Chad making the WA face.

Chad ponders the almighty WA.

Mysterious “WA” aside, there’s also a side angle on Namor where his ear appears to be attached to his head by a stalk, and a few other pictures of Logan where his mask might have been added long after the page was drawn, lending it a creepy opacity and a weird pointiness. Magneto, being a guy who habitually wears a giant bucket, is on-model more often than not, which is a relief.

Namor, from Uncanny X-Men 520, art by Greg Land.

Namor's lip is stuck to his kingly front teeth. Imperious Rex!

Oh, and there’s one panel where we’re told instead of shown that “the X-Men are kind of the coolest thing going.” Compare and contrast with Grant Morrison’s entire run building up the idea that mutants are actually tastemakers and trendsetters. Not Fraction’s best work, and certainly not Land’s.

Spider-Man: 1602 #4 of 5 (Marvel; Parker, Rosanas, Charalampidis, Bowland)

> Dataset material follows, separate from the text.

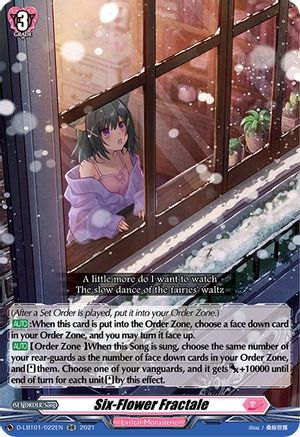 Six-Flower Fractale (D-LBT01/022EN) - D-LBT01: Lyrical Melody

1602 proper was a tough book to like. Great art and Neil Gaiman dialogue aside, the story lapsed into incoherence by the last chapter. However, now that Gaiman’s created the universe, creators like Jeff Parker can bake us some rowdy faux-Colonial adventuring apple pie, and I’m all about pie.

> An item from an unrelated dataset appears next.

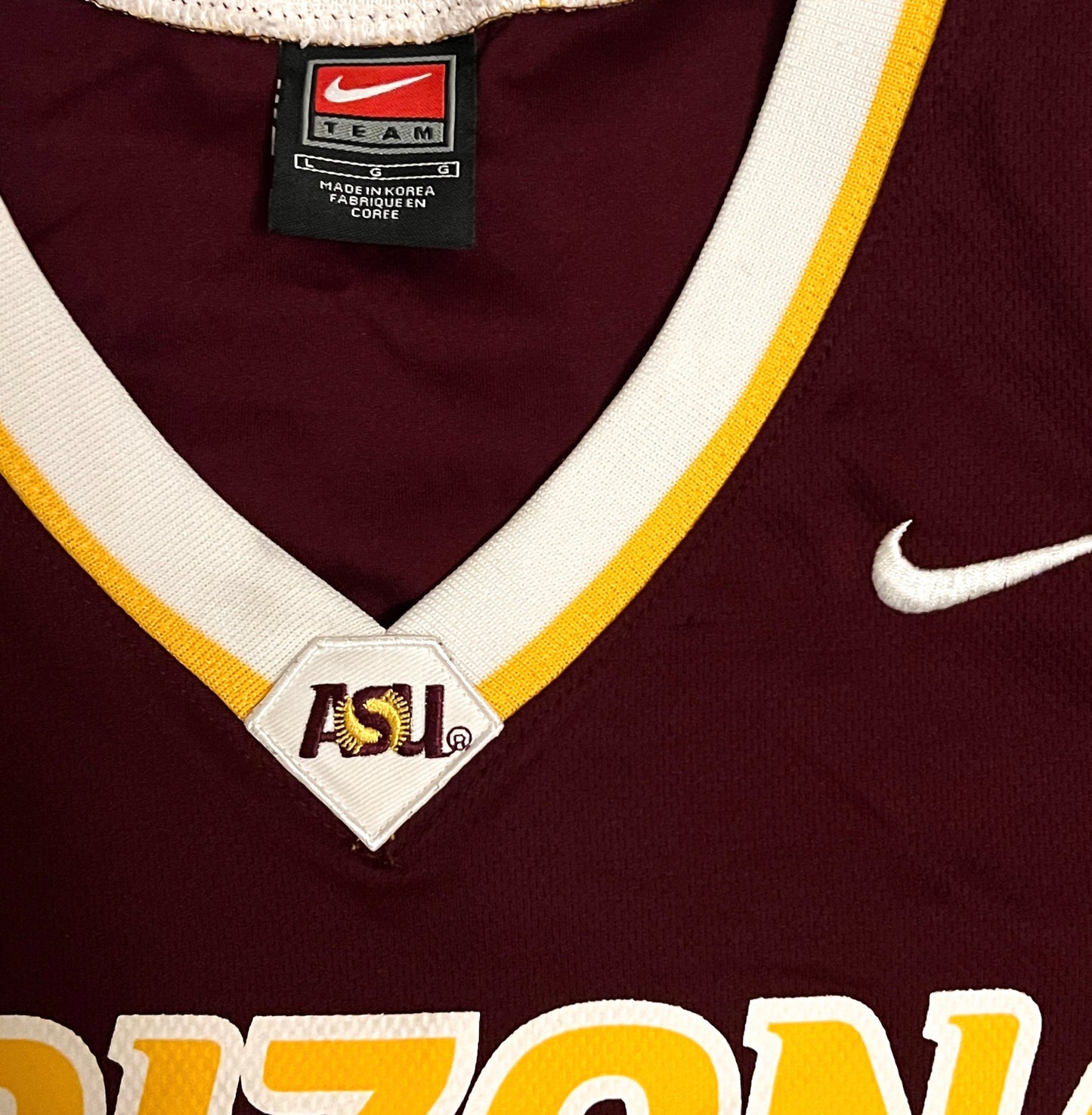 Arizona State Sun Devils 2005 Ike Diogu Home Jersey - L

Parker’s delivered the drama all along in this series– 1602 Norman Osborn has been completely, unrepentantly big-E Evil, instead of falling prey to the sort of bipolar incompetence of his 616 counterpart. He’s murdered, he’s attempted to frame Peter Parquagh for it, and he’s even given plague blankets to the natives, just in case the first two action items on his agenda weren’t evil enough. Victor Octavius is flat-out insane and keeping a captive science team comprised of the two Hanks– McCoy and Pym– in his basement to work out a cure for his condition. Peter, meanwhile, has been sent to England from the Colonies to secure Osborn’s conviction on murder charges and see him to the grave, romance Marion Jane Watsonne, and stop Octavius.

Michael Golden's cover for Spider-Man 1602 #4.

Things are getting kind of 4chan in here. Cover by Michael Golden.


It’s largely tense stuff, taking some of the brighter edge off Peter’s usual happy-go-lucky demeanor, and that approach continues in this issue, with a few familiar Spider-Man villains getting the full 1602 treatment. Given that the tech base is much less developed than that of the 616 Marvel Universe, Parker makes Osborn and Octavius into freaks of nature rather than technological terrors. The ongoing plight of Henri Pym and his wife Janette continues, although I’m starting to lose hope that Janette will ever escape from her confinement and kick some ass.

Rosanas does solid work on the art, and, really, if you like Spider-Man but can’t keep up with the 616 continuity, you’ll get just as much out of Spider-Man 1602 with much less of a reading burden.